[Data records]
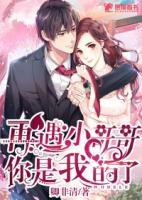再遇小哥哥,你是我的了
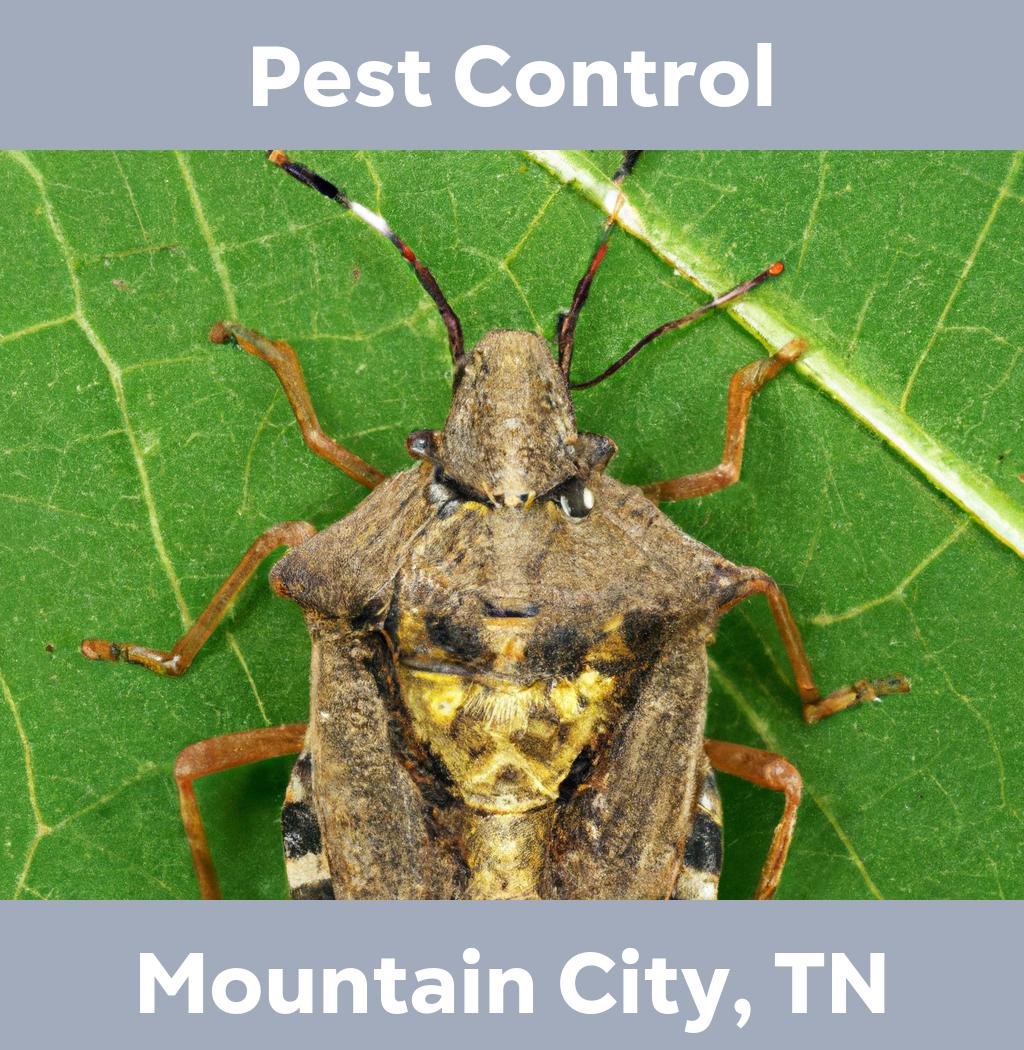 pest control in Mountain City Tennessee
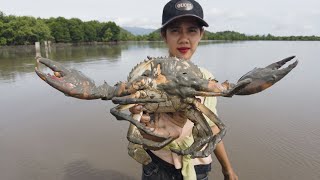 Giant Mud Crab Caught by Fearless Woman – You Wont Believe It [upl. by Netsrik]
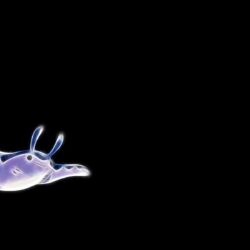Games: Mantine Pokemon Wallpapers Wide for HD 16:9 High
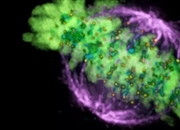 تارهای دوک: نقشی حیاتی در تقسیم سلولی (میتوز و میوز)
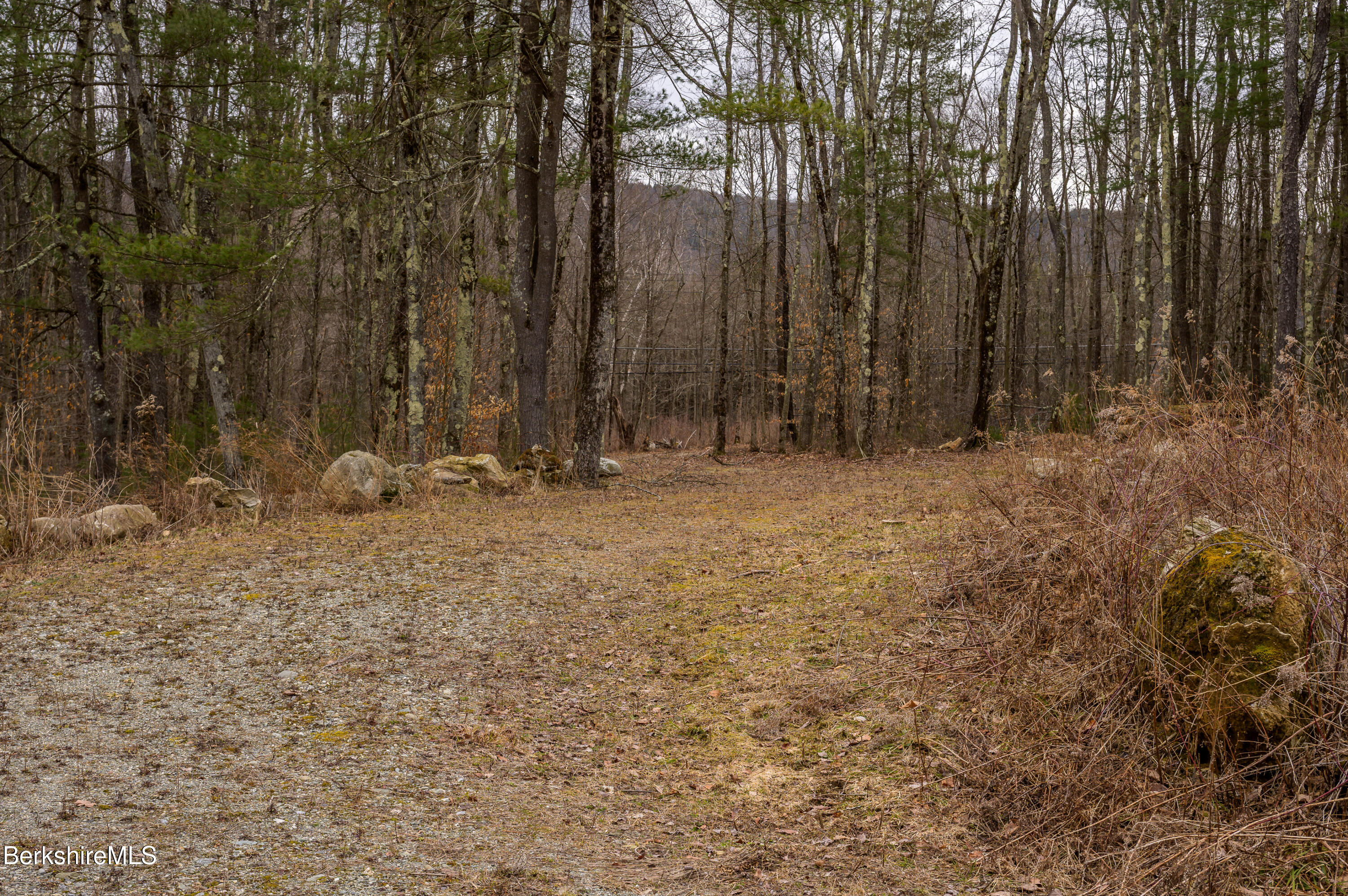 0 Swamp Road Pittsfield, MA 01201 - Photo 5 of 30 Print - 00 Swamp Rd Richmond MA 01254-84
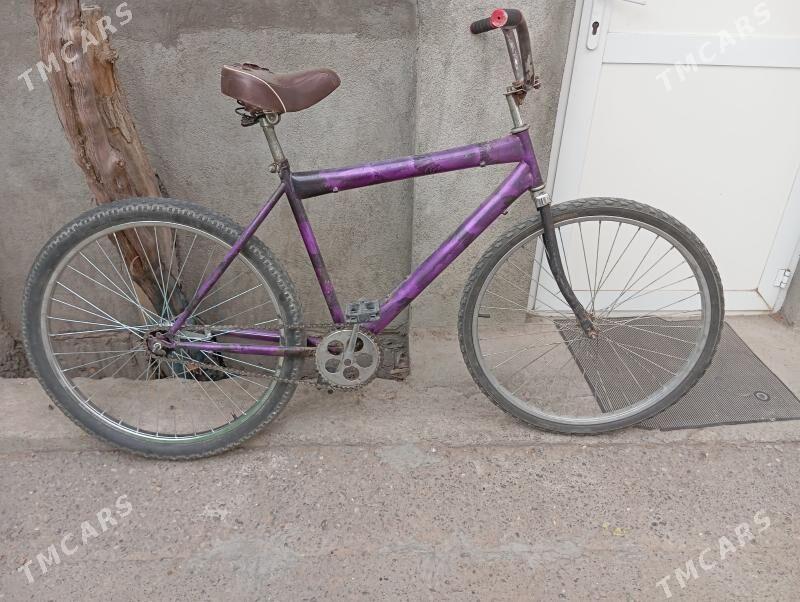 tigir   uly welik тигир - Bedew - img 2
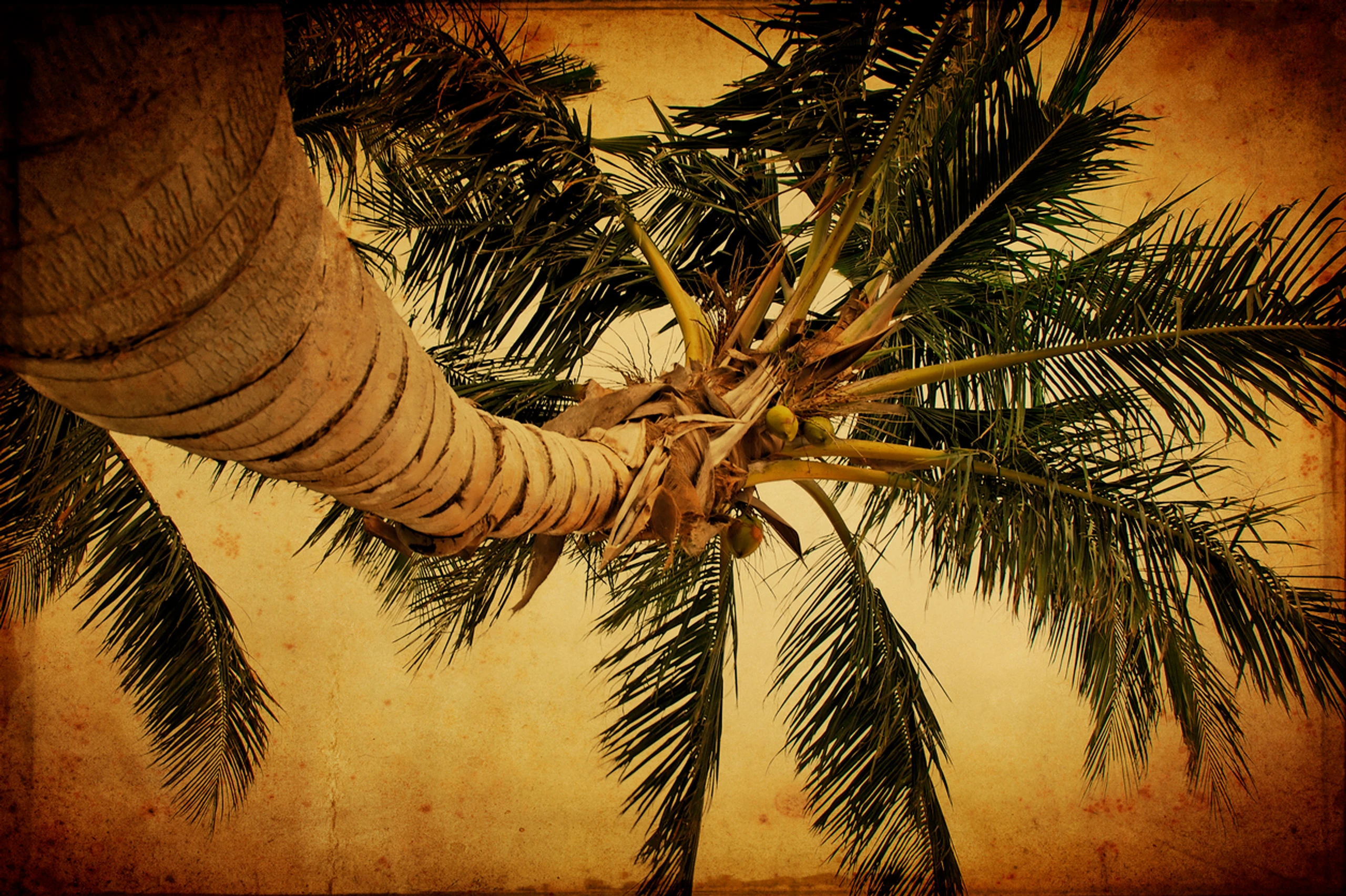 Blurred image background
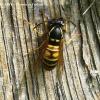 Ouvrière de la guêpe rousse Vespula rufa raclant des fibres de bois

What is needed:
Transcribe the entries word for word, without their pictures.

Exercise solution:
再遇小哥哥,你是我的了
 pest control in Mountain City Tennessee
 Giant Mud Crab Caught by Fearless Woman – You Wont Believe It [upl. by Netsrik]
Games: Mantine Pokemon Wallpapers Wide for HD 16:9 High
 تارهای دوک: نقشی حیاتی در تقسیم سلولی (میتوز و میوز)
 0 Swamp Road Pittsfield, MA 01201 - Photo 5 of 30 Print - 00 Swamp Rd Richmond MA 01254-84
 tigir   uly welik тигир - Bedew - img 2
 Blurred image background
 Ouvrière de la guêpe rousse Vespula rufa raclant des fibres de bois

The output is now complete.